TSMC turns logic FinFET into ReRAM

As nature and engineering usually contrive to make things difficult for engineers this is seemingly a most unusually convenient development. And also potentially an industry-changing development.





The paper is set to show that hafnium-dioxide high-k dielectric material, which is used in the high-k metal gate (HKMG) of a 16nm FinFET, can also be used as a resistive memory device. It is likely that the dielectric is laid down as a separate ReRAM device adjacent to the transistor. The paper comes shortly after Intel and Micron announced a development in non-volatile memory technology dubbed 3D Xpoint (see Intel, Micron launch "bulk-switching" ReRAM). 

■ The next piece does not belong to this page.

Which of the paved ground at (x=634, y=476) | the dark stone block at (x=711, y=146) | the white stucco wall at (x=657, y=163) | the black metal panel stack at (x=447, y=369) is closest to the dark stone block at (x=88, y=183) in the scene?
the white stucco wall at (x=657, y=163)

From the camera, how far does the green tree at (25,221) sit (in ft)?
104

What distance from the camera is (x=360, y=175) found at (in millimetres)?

However, at IEDM researchers from Taiwan's Tsing-Hua University and foundry chipmaker Taiwan Semiconductor Manufacturing Co. Ltd. are set to report on a 1kbit memory array made using TSMC's 16nm FinFET logic manufacturing process. It is dubbed a FinFET Dielectric memory, or FIND. 

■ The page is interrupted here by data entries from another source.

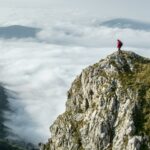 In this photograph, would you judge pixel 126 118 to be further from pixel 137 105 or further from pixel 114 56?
pixel 114 56

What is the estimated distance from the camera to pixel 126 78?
383ft

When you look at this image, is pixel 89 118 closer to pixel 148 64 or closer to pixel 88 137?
pixel 88 137

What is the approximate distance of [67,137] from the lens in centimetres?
12031

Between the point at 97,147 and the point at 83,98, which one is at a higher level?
the point at 83,98

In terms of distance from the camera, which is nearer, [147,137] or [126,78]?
[147,137]

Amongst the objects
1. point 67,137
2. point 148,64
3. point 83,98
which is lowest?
point 67,137

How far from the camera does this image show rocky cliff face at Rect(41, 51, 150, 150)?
4166 inches

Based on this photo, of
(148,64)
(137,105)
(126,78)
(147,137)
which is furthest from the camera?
(148,64)

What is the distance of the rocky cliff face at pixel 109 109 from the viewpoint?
347 ft

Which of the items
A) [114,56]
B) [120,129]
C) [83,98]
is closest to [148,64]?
[114,56]

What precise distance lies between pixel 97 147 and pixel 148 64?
26.4 metres

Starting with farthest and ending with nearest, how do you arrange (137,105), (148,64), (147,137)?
1. (148,64)
2. (137,105)
3. (147,137)

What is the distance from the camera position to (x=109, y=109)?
11112cm

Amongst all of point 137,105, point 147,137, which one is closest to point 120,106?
point 137,105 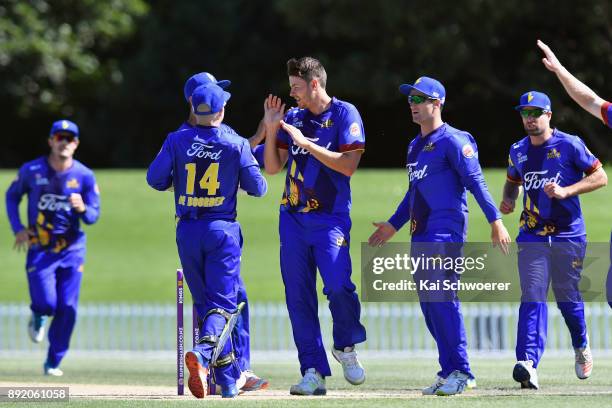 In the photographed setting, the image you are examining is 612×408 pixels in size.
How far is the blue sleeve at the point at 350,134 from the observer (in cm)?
916

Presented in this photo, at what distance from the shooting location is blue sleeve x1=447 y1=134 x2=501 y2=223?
910cm

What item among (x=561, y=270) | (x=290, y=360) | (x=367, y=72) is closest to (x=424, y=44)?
(x=367, y=72)

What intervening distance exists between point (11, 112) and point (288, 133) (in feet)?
117

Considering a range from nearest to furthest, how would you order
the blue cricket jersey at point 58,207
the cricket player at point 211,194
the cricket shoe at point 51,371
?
1. the cricket player at point 211,194
2. the cricket shoe at point 51,371
3. the blue cricket jersey at point 58,207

Paper 10.1 is: 1Kbit FinFET Dielectric (FIND) RRAM in Pure 16nm FinFET CMOS Logic Process.

Other virtues of the approach are that the FinFET can be used as the select transistor in the array and the dioxide-based resistive dielectric film for a storage node of the ReRAM cell. No additional masks or process steps are required, the paper's abstract states. The ReRAM cell size is 0.07632 square micrometers. This means that the memory, if it can show the desired read, read and endurance performance is intrinsically available as an embedded memory for SoCs. It could even allow a logic process to be used for making discrete memory ICs. 

Hafnium dioxide has been used for many years as the high dielectric constant "insulator" within logic transistors. At the same time as a dielectric material it has also been extensively studied by research institutes such as IMEC and Tsing-Hua University as a transition metal oxide with potential as a two-terminal resistive RAM.

The abstract states that the 1-kbit device shows low-voltage operation, good retention and excellent reliability and concludes that the FIND ReRAM is a promising embedded non-volatile memory for the FinFET era. 

There doesn't appear to be any paper at IEDM on the underlying technology behind the Intel, Micron 3D Xpoint. 


IEDM is scheduled to take place at the Washington D.C. Hilton Hotel from December 7 to 9.